What this task involves:
Each line in the material below, starting at the one with "Monogram Multicolor ID- Canvas" and ending at the one with "by Paul Grand", is to be reproduced exactly; no picture is to be copied.

Data for review:
+++

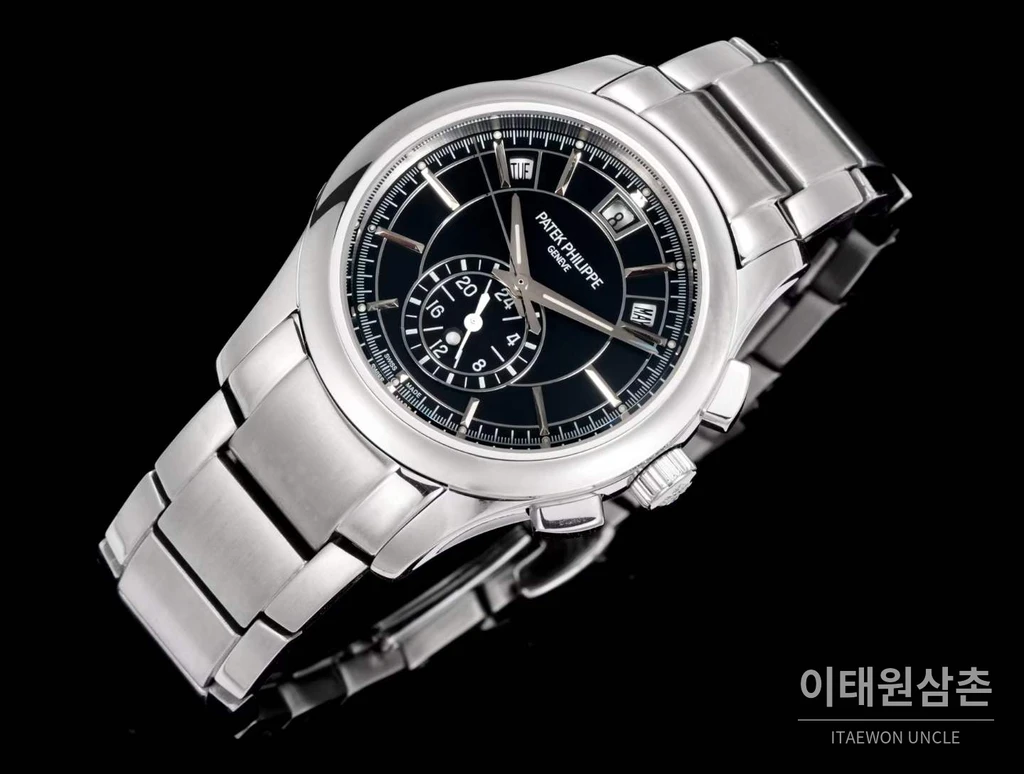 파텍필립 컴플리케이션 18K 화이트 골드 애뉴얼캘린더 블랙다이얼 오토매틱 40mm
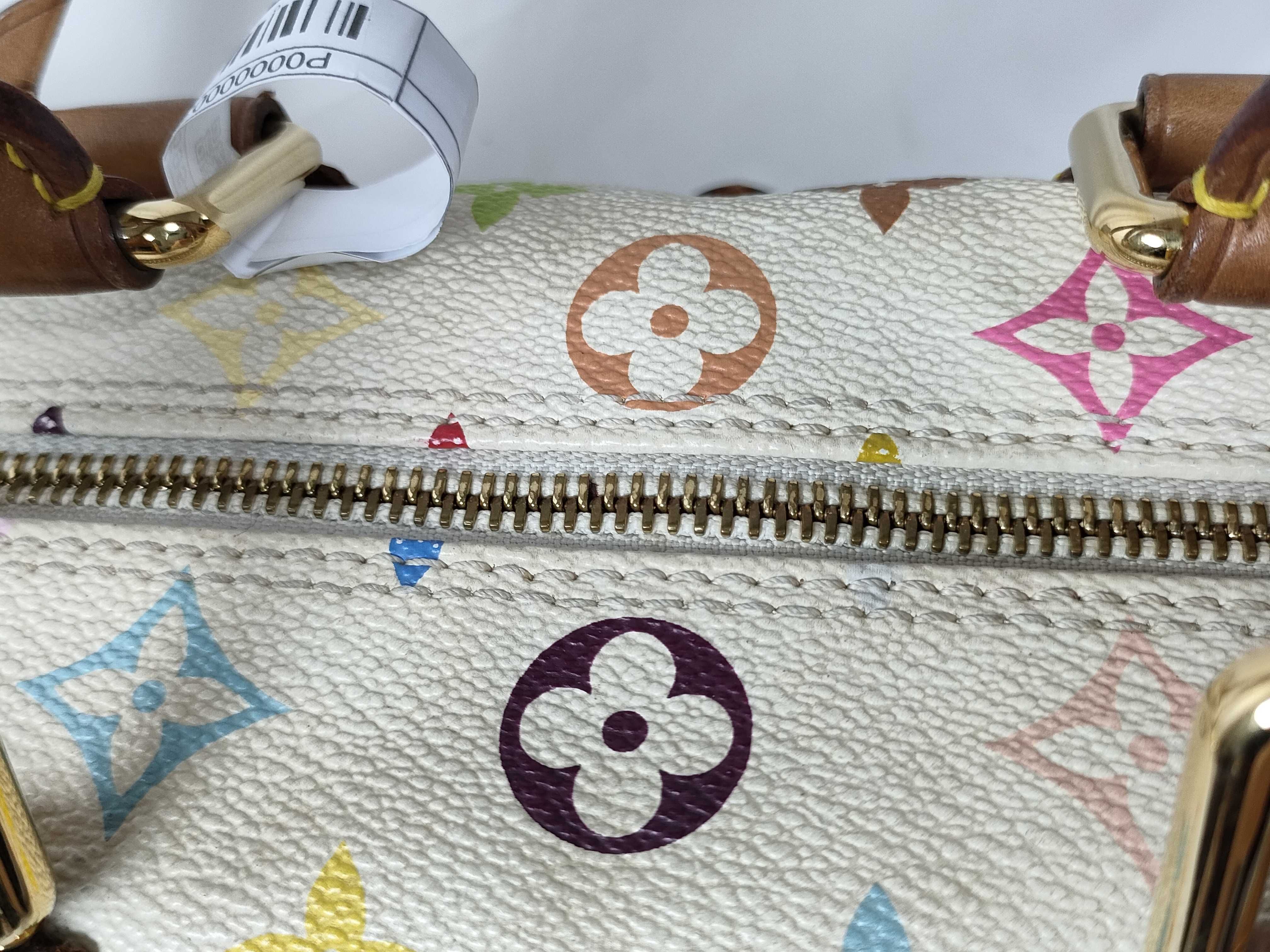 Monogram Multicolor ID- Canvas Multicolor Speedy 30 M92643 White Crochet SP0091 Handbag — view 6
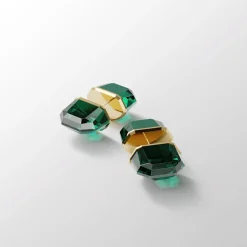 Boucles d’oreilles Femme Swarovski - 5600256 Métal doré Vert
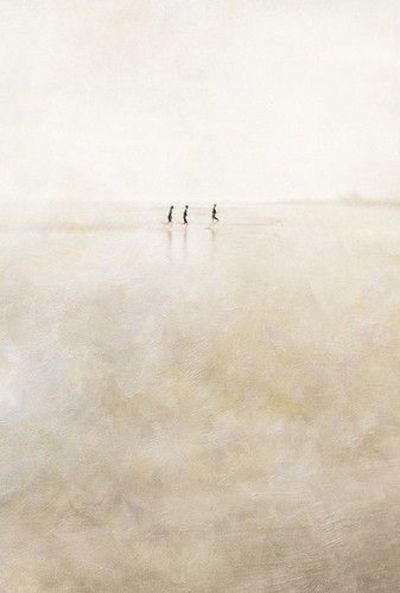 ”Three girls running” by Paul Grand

+++

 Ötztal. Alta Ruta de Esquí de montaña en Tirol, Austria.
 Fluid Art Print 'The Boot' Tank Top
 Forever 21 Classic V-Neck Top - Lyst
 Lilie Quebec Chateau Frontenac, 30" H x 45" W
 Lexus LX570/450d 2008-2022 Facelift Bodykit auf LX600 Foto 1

+++

Completed task:
 Monogram Multicolor ID- Canvas Multicolor Speedy 30 M92643 White Crochet SP0091 Handbag — view 6
 Boucles d’oreilles Femme Swarovski - 5600256 Métal doré Vert
 ”Three girls running” by Paul Grand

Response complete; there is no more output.